Paladins Global Series Interview with Todd Harris
Answers by Hi-Rez Studios COO and Co-founder Todd Harris
I love the Paladins Global Series, but what inspired the decision for it?
Todd: The Paladins Global Series was inspired by our players around the world asking for more opportunities to compete and play in tournaments. And we do believe that a sustainable esport requires support at various levels – from the amateur level all the way to a World Championship. A couple months ago we tested the open tournament concept and, without much promotion, we had 87 teams sign up in North America and 100 sign up in Brazil. Based on that early success we decided to launch the PGS in all regions where we have local servers. The goal of the PGS is 1) allow talented players to be discovered by top esports organizations, and 2) give organic self-organized teams a chance to play their way into the very highest level of competition and prizing.
We here at OnRPG/MMOHuts were considering joining, but there’s a huge hurdle: Our company is global, and some of our writers are in areas like South-East Asia, whereas the majority of us are in NA. Can players from other regions work together on the same team? Or can NA only work within NA, etc?
Todd: We support the PGS in seven different regions around the world, but we do require that players team-up and compete within their own region. So SE Asian players have to team with other players in that region and so on. We want online competitors to be on even footing in terms of server location and ping. And in the future, if we introduce some LAN play into the PGS format then having region affiliation facilitates player travel and logistics getting players to those regional LANs.
Current “Premier League Players” cannot participate, which I imagine that means Pros cannot play in this league. I like this a great deal, but how about their Coaches and Streamers for their Orgs? Where do they fall under this purview?
Todd: The basic rule is that if a player or coach is on the official roster of a Premier League team, that player cannot compete in the PGS during the same time period.
One of the reasons I love this, actually falls to how I feel about Overwatch. Their “Overwatch League” requires millions of dollars just to get into, and only certain cities are represented. On that note, what are the requirements for a Pro Team for Paladins?
Todd: We’re a lot more Community-Driven vs. City-driven and the PGS reflects that philosophy because it is open for any team to join.
At the same time, we do have plans for our own Paladins Premier League. The PPL will showcase the highest level of competition within NA and EU and run alongside the PGS. More details coming soon but TLDR it will offer big upside to participating teams and cost only $30M to join. Just kidding of course, I actually expect that teams in the Paladins League will be profitable year one.

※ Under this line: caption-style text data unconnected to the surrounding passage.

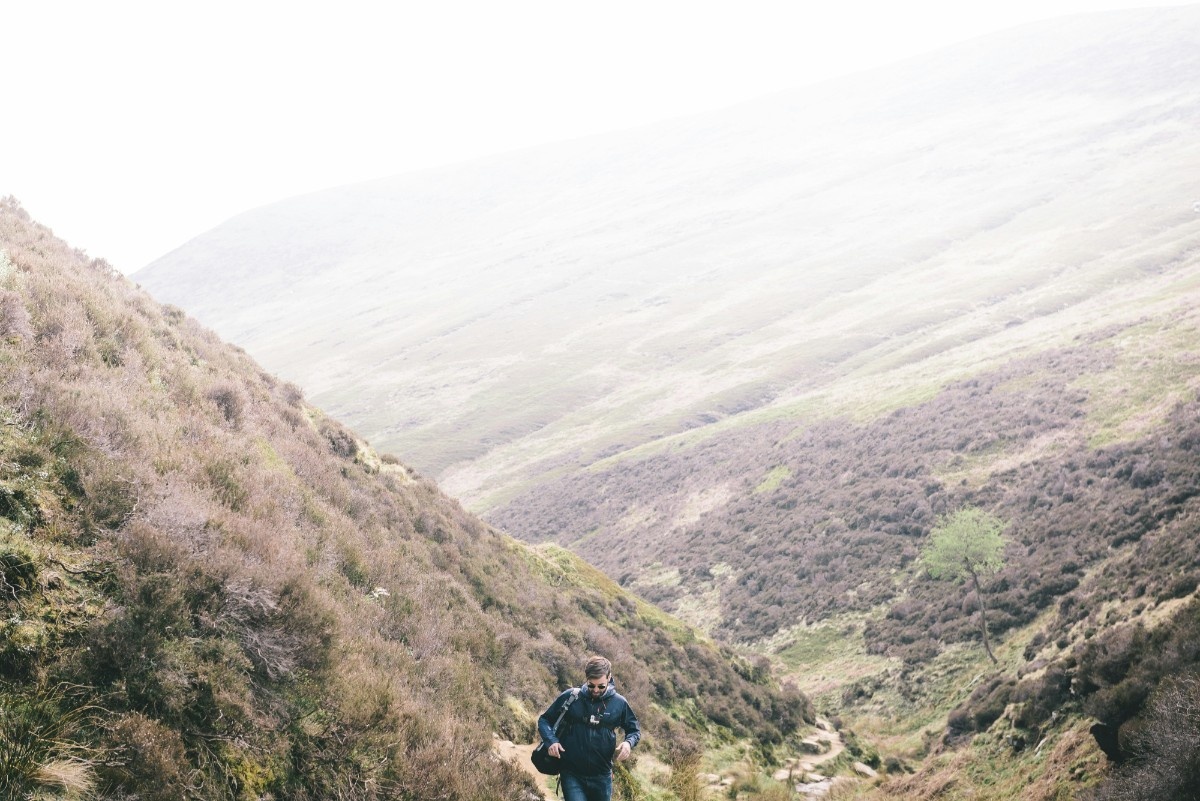 A person hiking to Kinder Scout 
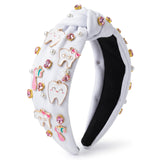 PANTIDE Dentist Jeweled Knotted Headband for Dental Hygienist Women Girls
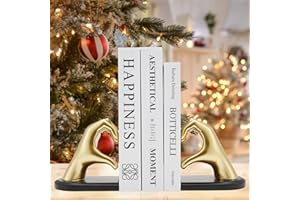 Xmeden Gold Bookends, Heavy Duty Bookend Holder Decor, Golden Finger Heart Shaped Decor, Modern Art Sculpture, Finger Home Decoration, Bookends Decorative, Boho Decor for Desktop Bedroom Study Room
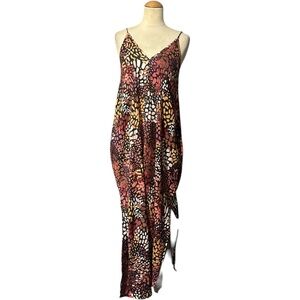Van Winkle & Co Abstract Midi Dress Black Orange Size Small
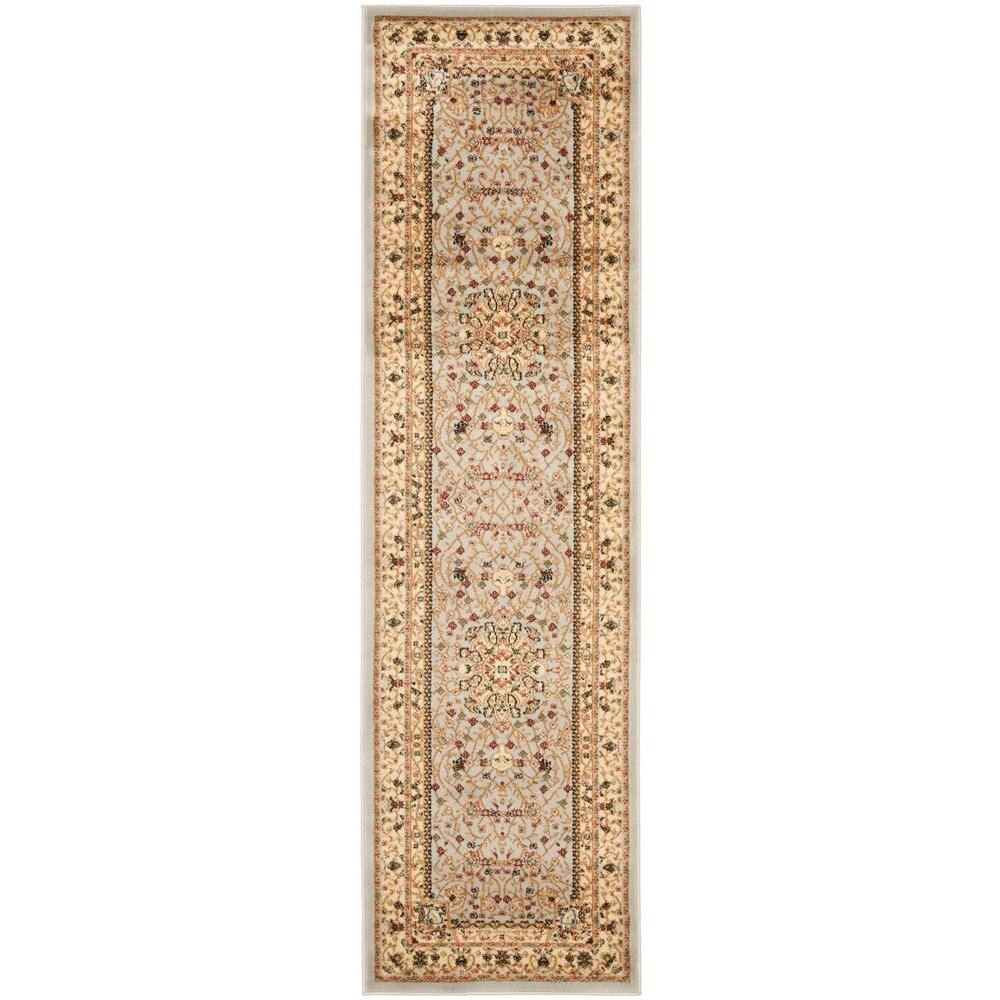 SAFAVIEH Lyndhurst Gray/Beige 2 ft. x 8 ft. Border Runner Rug Safavieh's Lyndhurst collection offers the beauty and painstaking detail of traditional Persian and European styles with the ease of polypropylene. With a symphony of floral, vines and latticework detailing, these beautiful rugs bring warmth and life to the room of your choice. This is a great addition to your home whether in the country side or busy city. Color: Gray/Beige.
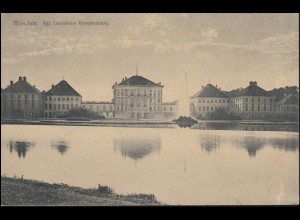 AK München: Kgl. Lustschloss Nymphenburg, MÜNCHEN 2BP 6.8.1913 nach Dülken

Are console and PC players going to be represented in this initiative? Will there be separate prize pools for console/PC?
Todd: We will have a separate initiative and prize pool for competitive Paladins on both the Xbox One and Playstation 4. The “Console Wars” format that we hosted at Dreamhack Valencia was very well received. So we will definitely be hosting another Paladins Console Wars LAN competition in January and will soon outline the qualification path toward that event.